The Mudcat Café TM
Thread #162666   Message #3945121
Posted By: GUEST,Pseudonymous
20-Aug-18 - 06:54 AM
Thread Name: New Book: Folk Song in England
Subject: RE: New Book: Folk Song in England
"All histories are revised by succeeding generations when people ask different questions of the sources"

This is an interesting point. Earlier on I quoted singer and writer Vic Gammon on how pure objectivity is an impossibility and how we always reflect our own context. So I agree broadly with the comment, while also having found Roud's book useful and interesting because of his focus on contemporary sources of information relating to the centuries he discusses. It certainly feels more 'objective' than some work on folklore.

His 'century by century' approach is useful partly because in each chapter you will find evidence of songs which we still know about and can identify being sung in that century. He starts with the 16th century, and provides evidence of people knowing 'Chevy Chase'. He then gives some background of that song. He points out that there is a version written from the Scottish point of view and one written from the English point of view. He says we don't know for certain which version came first.

The sixteenth century chapter has many 'gems', as does the rest of the book.
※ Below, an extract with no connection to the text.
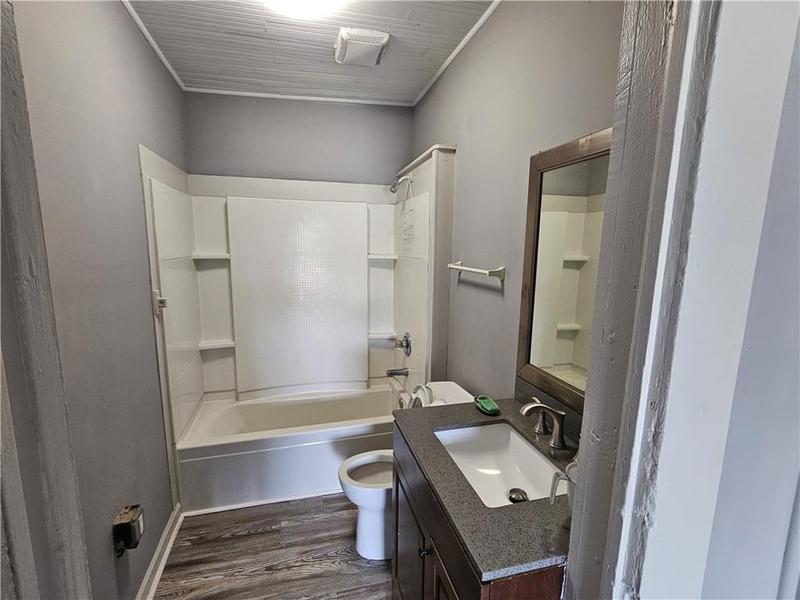 Image for property 74 Martin Luther King Jr Drive, Winder, GA 30680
For example, there were attempt to deal with the problem of vagrants roaming the country: you were supposed to stay in your own area, and the laws to deal with this focussed on musicians and singers as well as vagrants generally. (This system lasted a long time: if you were distitute you would get sent back to your 'parish of settlement' so that the ratepayers there carried the expense.) I think people were busking and seen as linked to pickpocketing and so on. And no doubt some were. Musicians (aristocracy apart) had to take care not to fall foul of the laws.

There were several cases of a man who ended up in trouble because he took a job playing the fiddle at a wedding a few miles away from his home.